Completely new to linux. request for help in finding the right OS and to install

i would like help to find the right linux software for my requirements and help to install if possible please.

i am completely new here to all this stuff.

thank you

Before you commit to installing anything on your computer, you should look into a creating a bootable USB so that you can run any of the many Linux distributions from an external USB drive. This way, you can test drive and see how you like it, and when you are done just shutdown your computer, unplug the USB and it would be as if nothing ever happened. Keep in mind that the performance won’t be as good as it would be when installed in your hard drive. The main goal of doing this is testing.

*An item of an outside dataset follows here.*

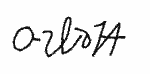 Indiscernible: illegible (Read as: ORLOA, ORLOLA)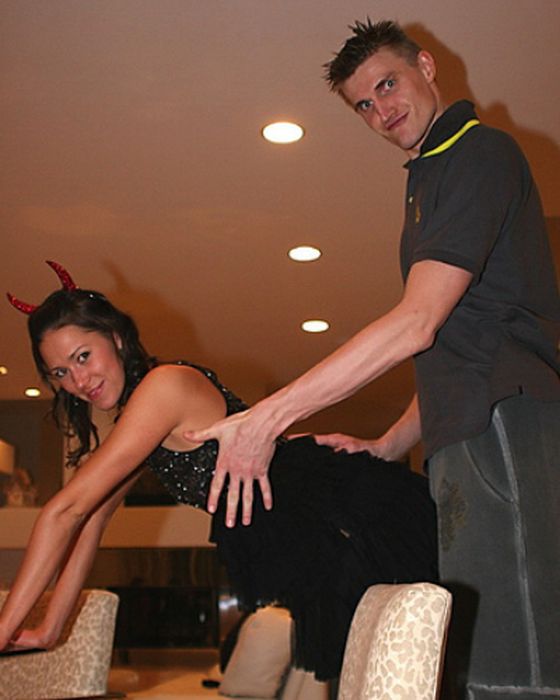 Drunken Athletes (47 pics)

I think that a good candidate to spark your interest is Linux Mint. Make sure to checkout the installation instructions to read more about what the different versions mean (if in doubt, go for Cinnamon) and how to create this bootable live image on a USB.

Other options that you may want to try are Ubuntu, Pop!_OS, Zorin OS or MX Linux.

Welcome to the forum!

Before you even try anything, see if you can get used to alternative programs. If you are using Photoshop, move to GIMP. If you use MS Office, move to LibreOffice and so on. If you are comfortable with them, then you can try and move away from your current OS.

Linux Mint is a fine contender for beginners, along with Pop!_OS. The former has the default shell similar to Windows-style layouts, so it should be easy to get into.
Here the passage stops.